A tank contains 100 gal of brine in which 40 lb of salt are dissolved. It is desired to reduce the concentration of salt to 0.1 pounds per gal by pouring in pure water at the rate of 5 gal per minute and allowing the mixture (which is kept uniform by stirring) to flow out at the same rate. How long will this take?

• So what progress have you made? Have you set up a differential equation? What is the difficulty? – almagest Jan 1 at 16:56
• $dy/dt$= salt at which it enters the tank-rate at which salt leaves the tank. Since its pure water entering the tank thus salt entering is zero. $dy/dx=0-(y/100) *5$. the differential equation which we get is $Log y=-t/20+c$. at $y=40$ and $t=0$ we could get the value of $c=Log40$ – haider Jan 1 at 17:01

Let $$s(t)$$ lbs be the total quantity of salt in the tank. So $$s(0)=40$$. We want to find $$T$$ so that $$s(T)=10$$.
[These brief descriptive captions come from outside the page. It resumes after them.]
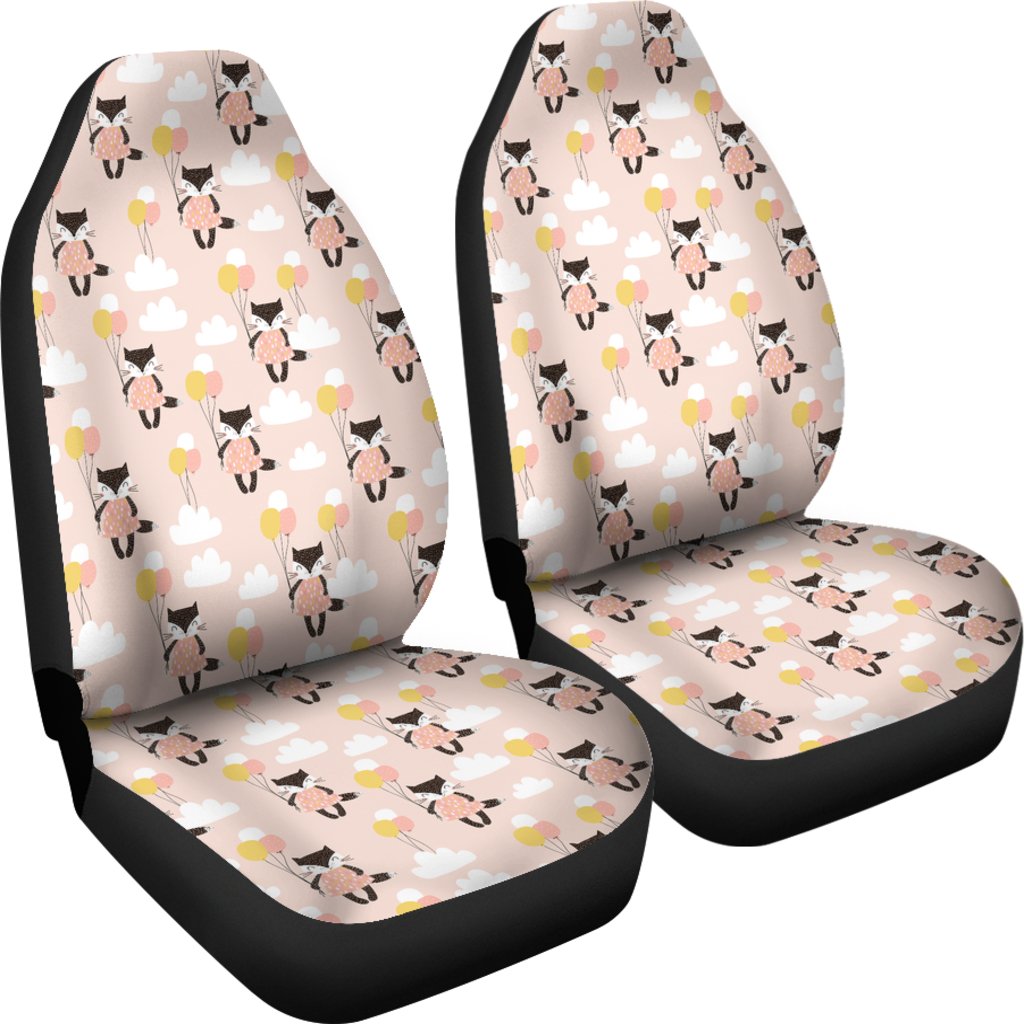 Cute Raccoon Hot Air Balloon Pattern Print Universal Fit Car Seat Cover-grizzshop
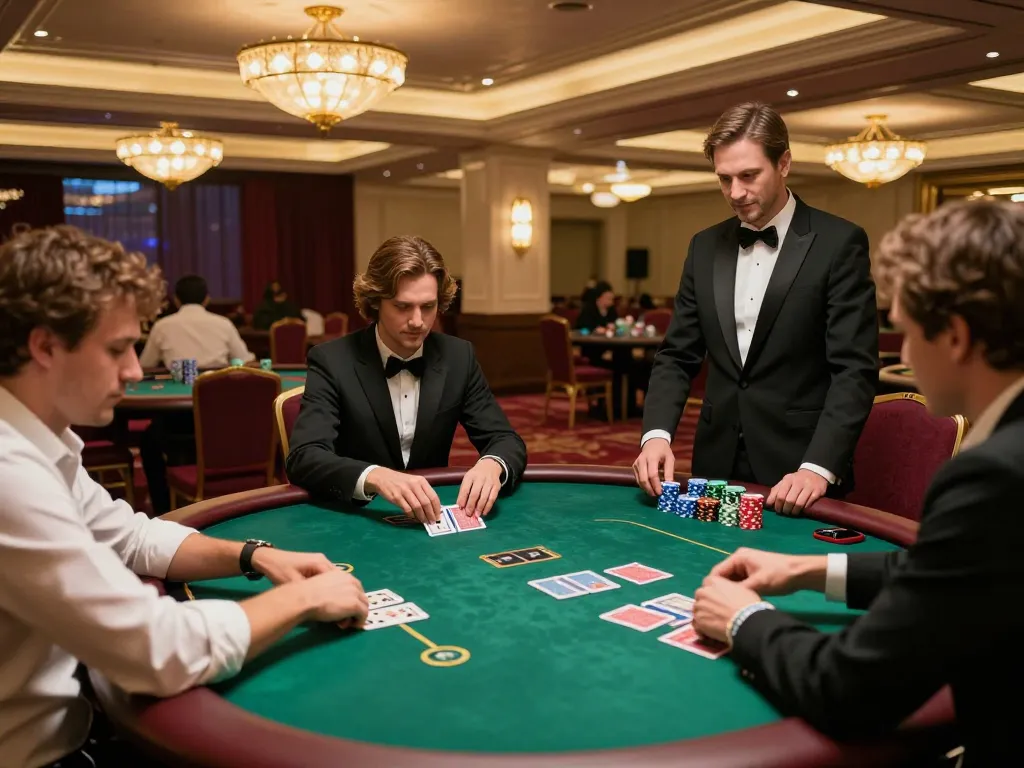 Players enjoying high-stakes gameplay at sin88 poker tables in a luxurious casino.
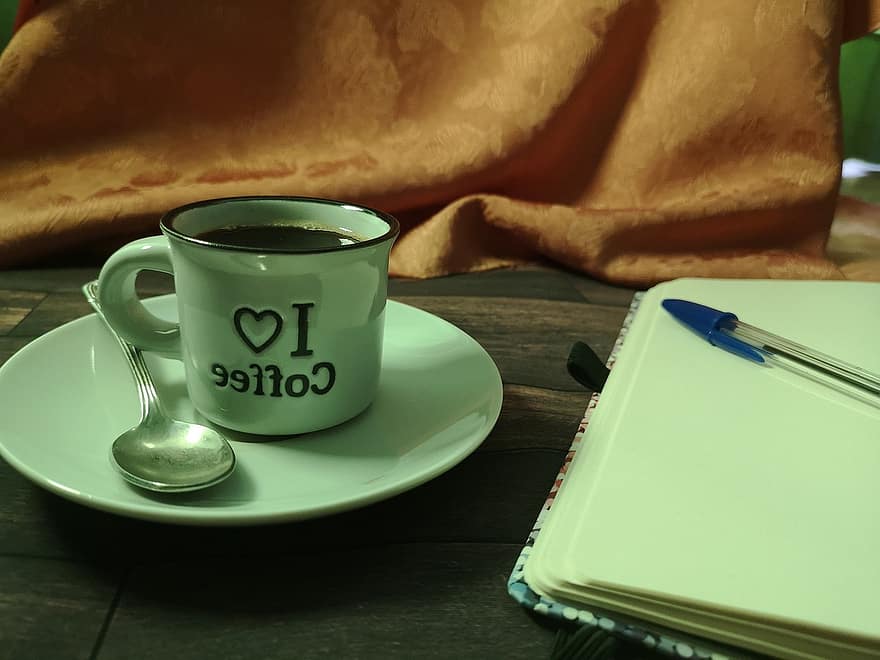 caffè, mattina, studiando, bere, tavolo, avvicinamento, legna, tazza di caffè, calore, temperatura, sfondi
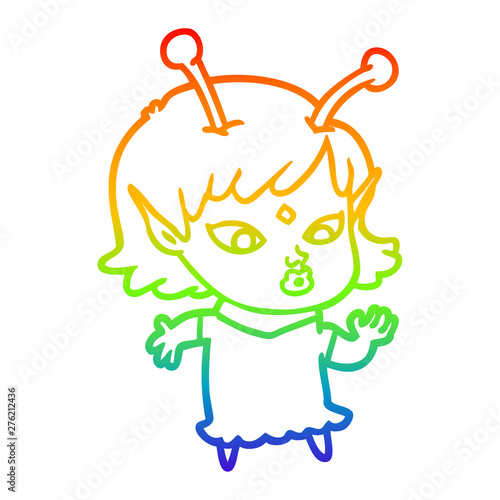 rainbow gradient line drawing pretty cartoon alien girl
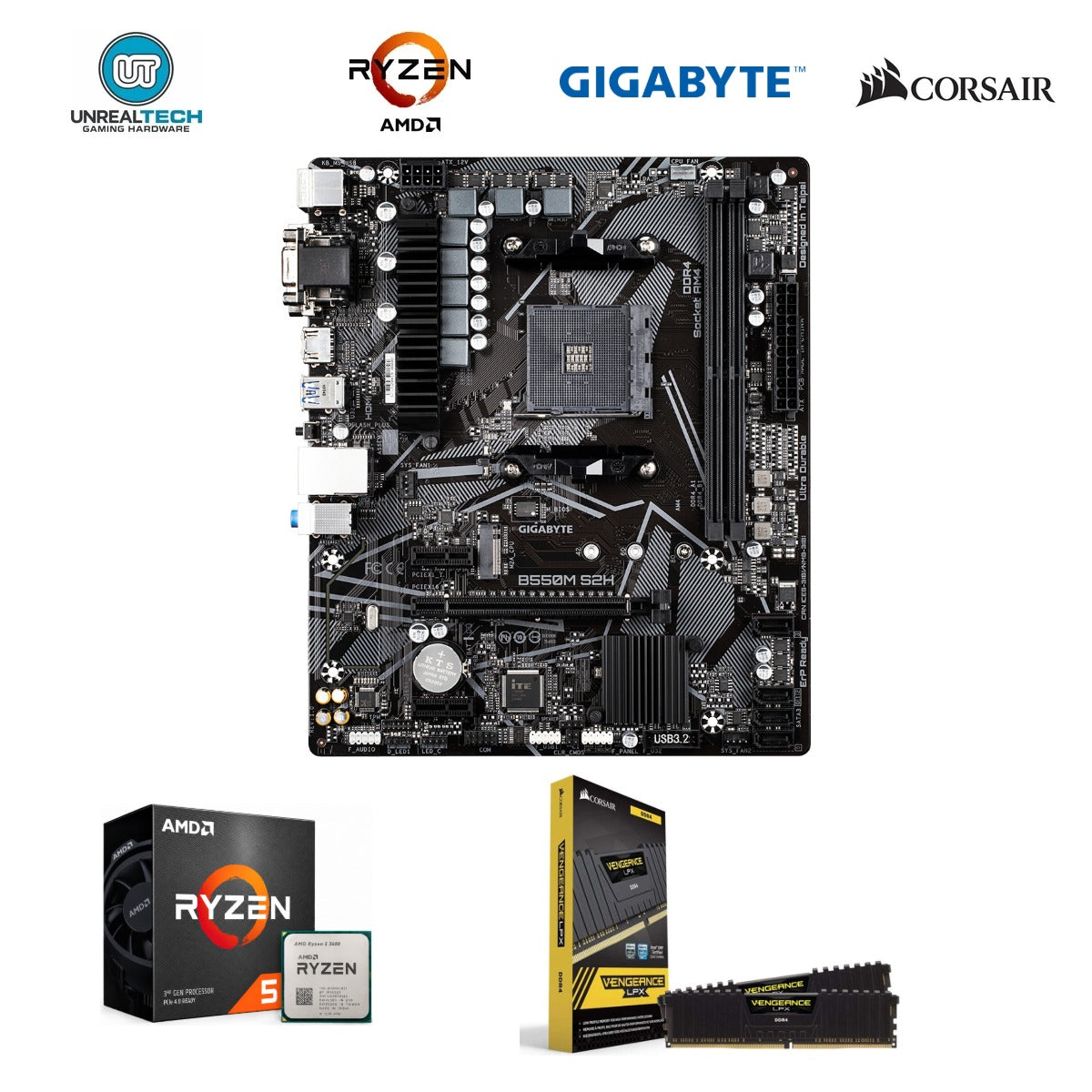 AMD Ryzen 5 3600, Gigabyte B550M S2H and Corsair Vengeance LPX 16GB DDR4-3200 upgrade combo with four brand logos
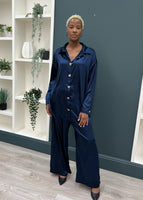 Sea Pants Navy Blue Silk Satin Pants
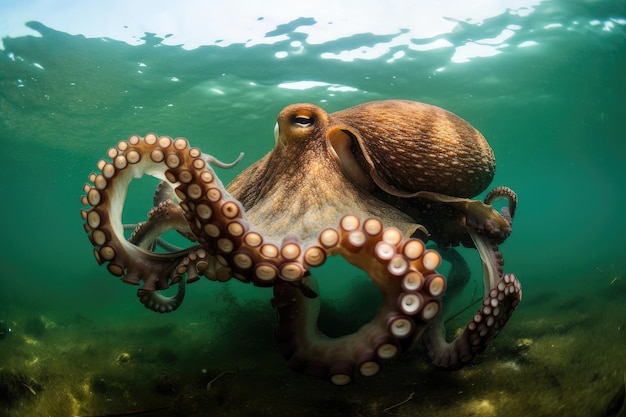 Octopus kraken tentakels die uit het water kronkelen en zich voorbereiden om aan te vallen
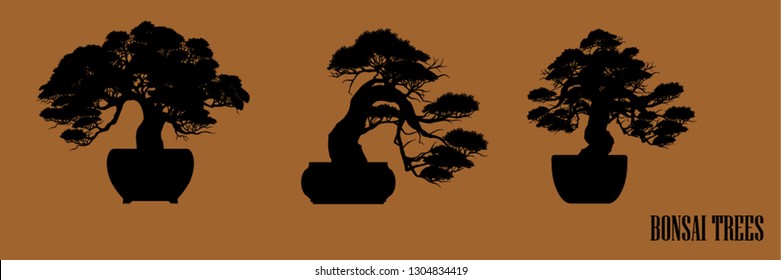 set of Bonsai, Black silhouette of bonsai. Vector illustration. Original bonsai style vector illustrations. Decorative arts Small plant in pot Decorative plants, dwarf trees, ornamental plants.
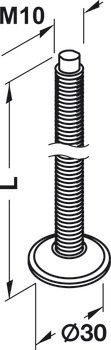 Șurub de reglare, filet M10, se rotește, lungime 60-120 mm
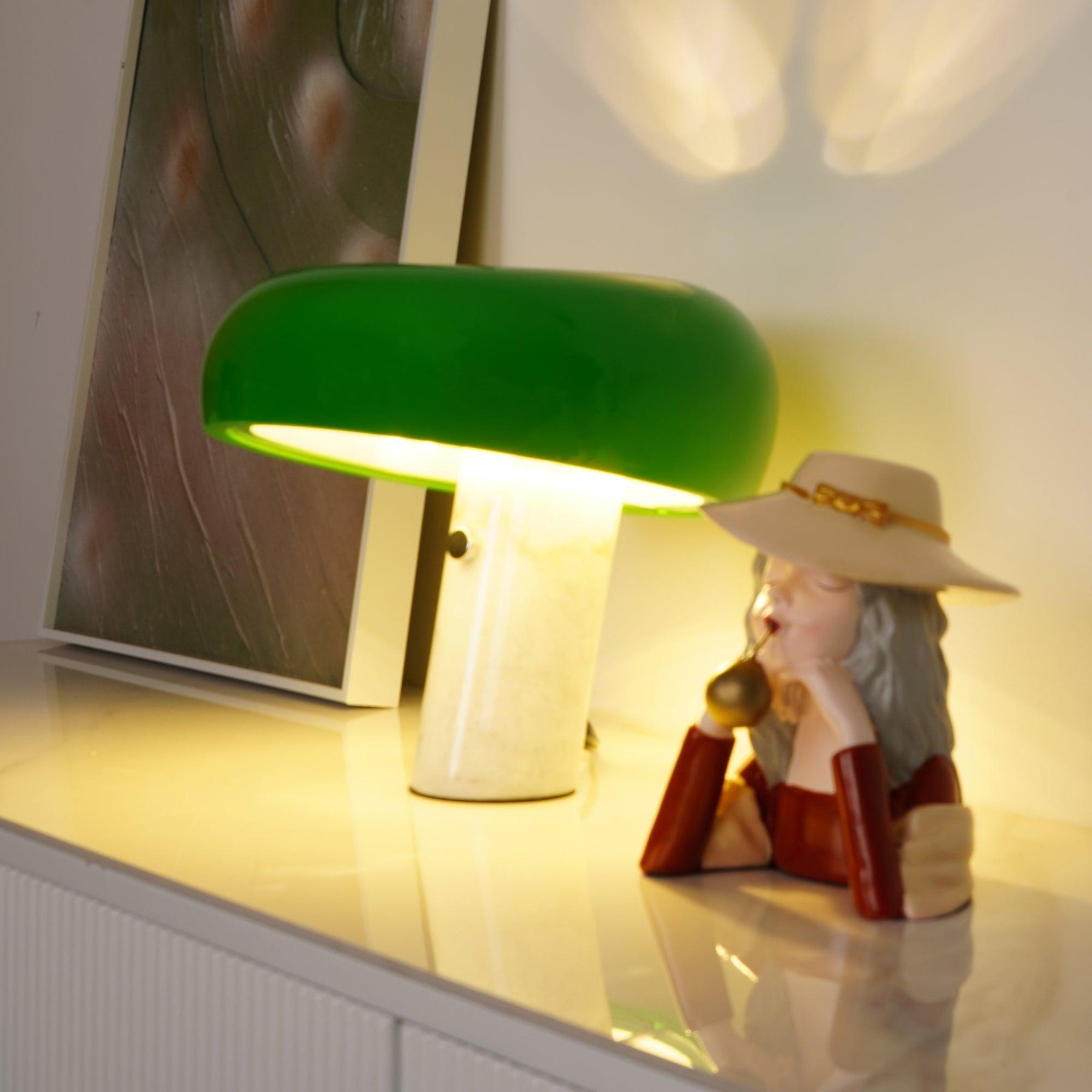 Lampe de Table en Marbre - Élégance et Ambiance Chaleureuse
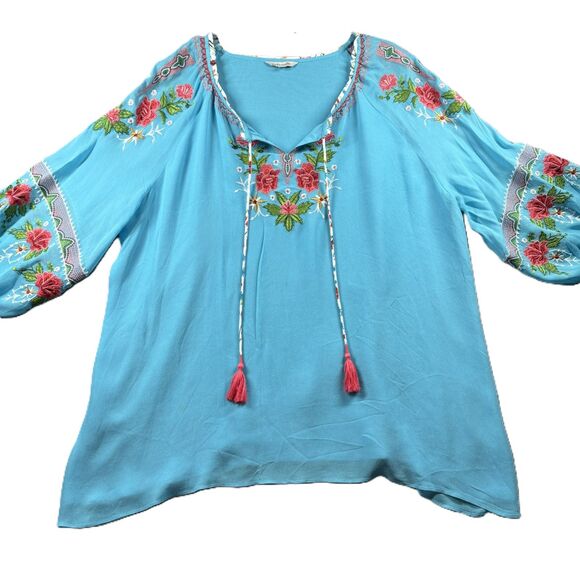 John Mark Women Peasant Top Blouse Embroidered Floral Boho Turquoise 2X H312 - Picture 1 of 10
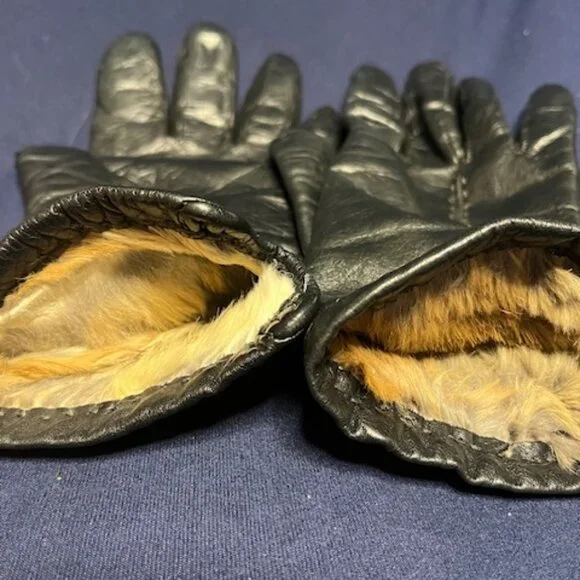 VTG Real Fur Lined Soft Leather Gloves Black Size: Sm-Med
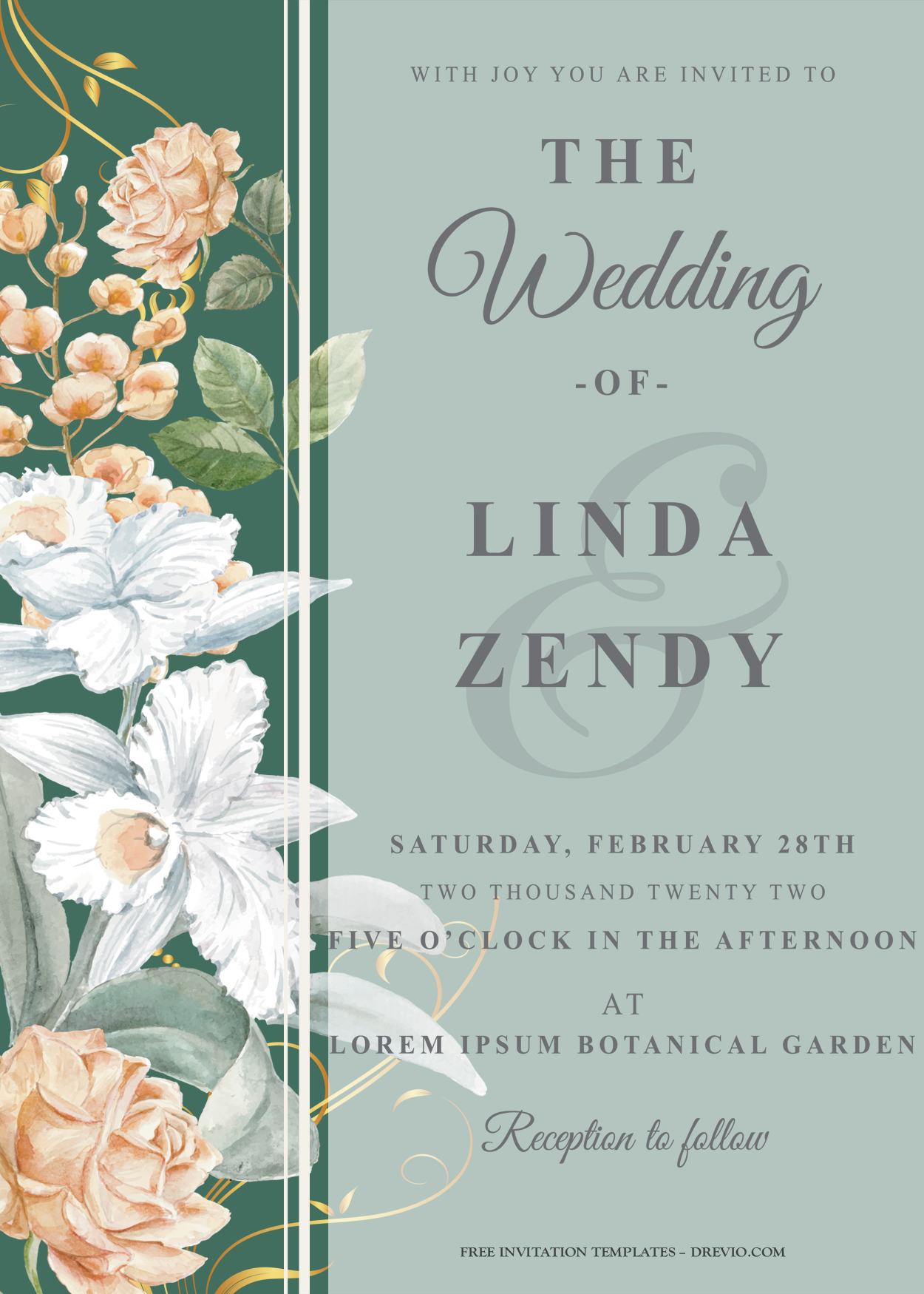 10+ Green Garden Gold Floral Wedding Invitation Templates Title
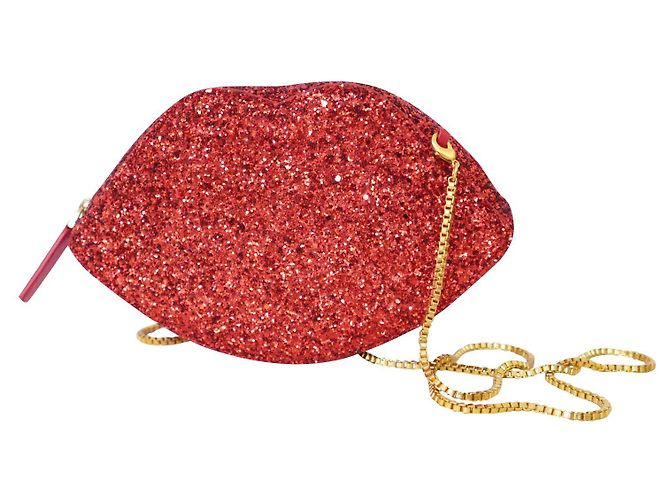 Borsa a tracolla Lulu Guinness Glitter Lips Rosso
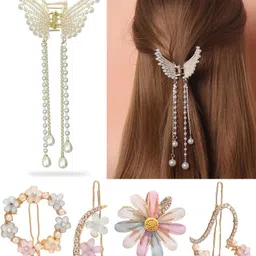 blubby Butterfly Hair Clutcher and Korean Clips for Women 5 Pieces Combo Hair Claw-picture-12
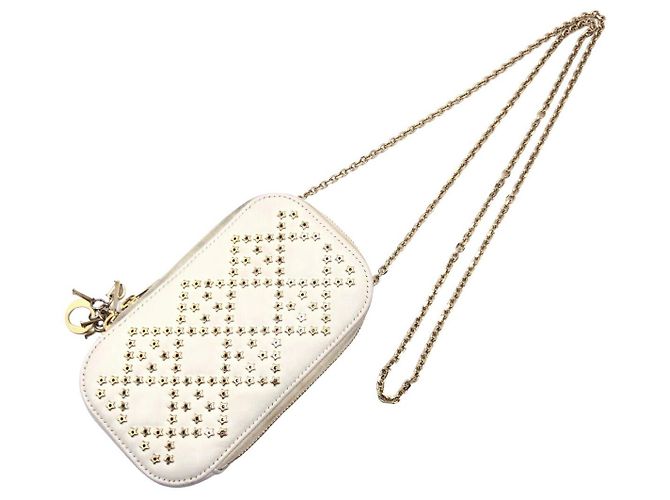 Borsa a tracolla in pelle Lady Dior Bianco - vista 9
In time $$\delta t$$ min we have $$5\ \delta t$$ of fresh water entering the tank and the same amount of salty water leaving the tank, taking with it $$0.05s\delta t$$ of salt.

So $$s(t+\delta t)=s(t)-0.05s\ \delta t$$ and hence $$s'(t)=-0.05t$$. Integrating we get $$s(t)=s(0)e^{-0.05t}=40e^{-0.05t}$$.

So $$e^{0.05T}=40/10=4$$, giving $$T=20\ln 4$$ min $$\approx 27.7$$ min.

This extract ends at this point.